• YOUR TASK: All that is needed is an exact repetition of the lines from the one containing "Admiral At Park Avenue 3*" through the final line of the material, without pictures.

• TASK DATA:
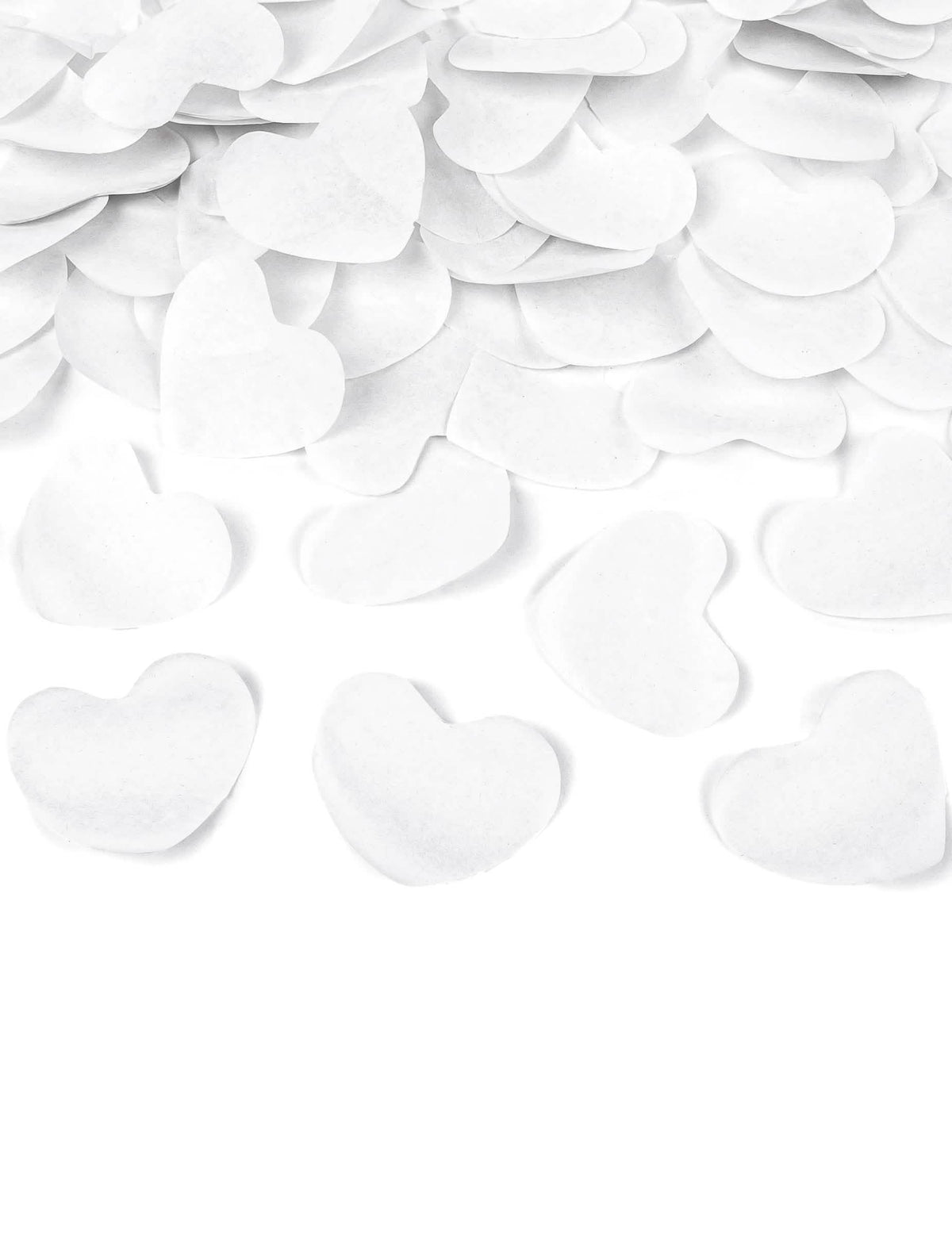 Gros plan sur les confettis du canon à confettis coeurs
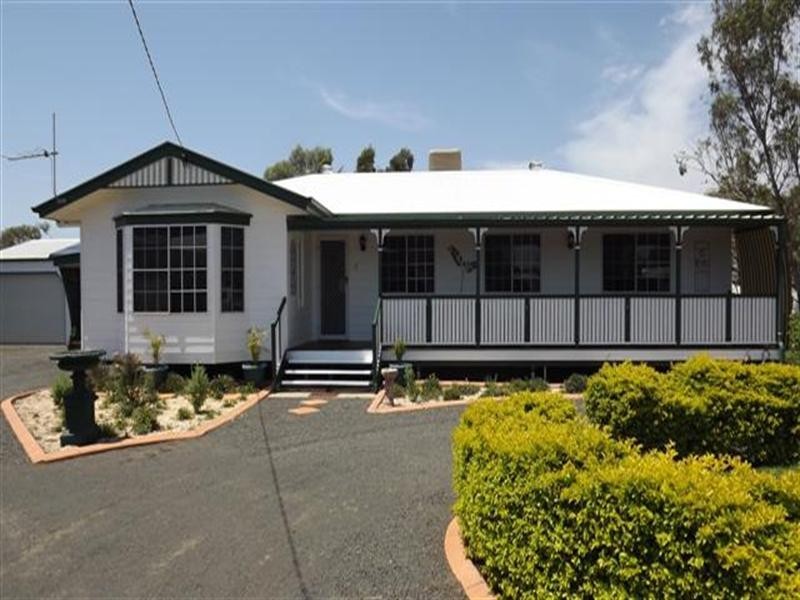 17 Rosedale Close, Roma QLD 4455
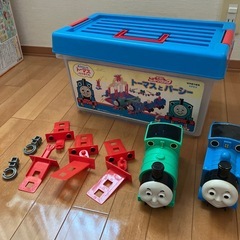 ニューブロック　トーマス　パーシー
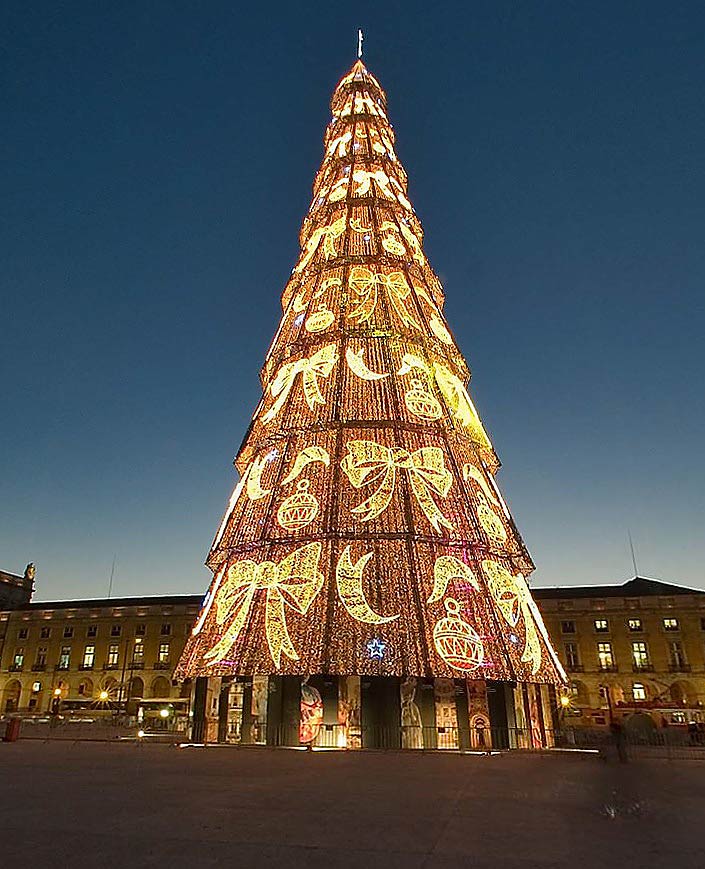 Der groesste Weihnachtsbaum Europas in Lissabon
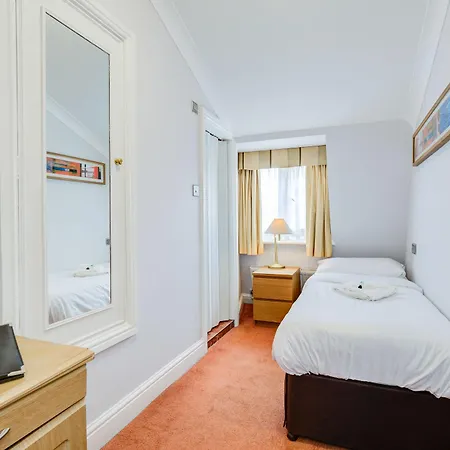 Admiral At Park Avenue 3*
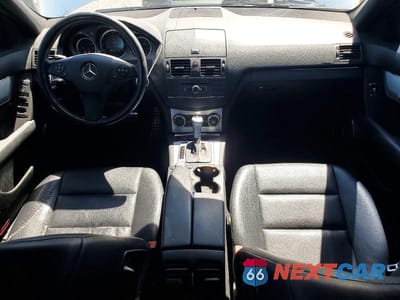 Zdjęcie 8 z 12 samochodu: 2010 MERCEDES-BENZ C 300 VIN:WDDGF5EB4AR087070 - miniatura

• RESPONSE AREA:
 Admiral At Park Avenue 3*
 Zdjęcie 8 z 12 samochodu: 2010 MERCEDES-BENZ C 300 VIN:WDDGF5EB4AR087070 - miniatura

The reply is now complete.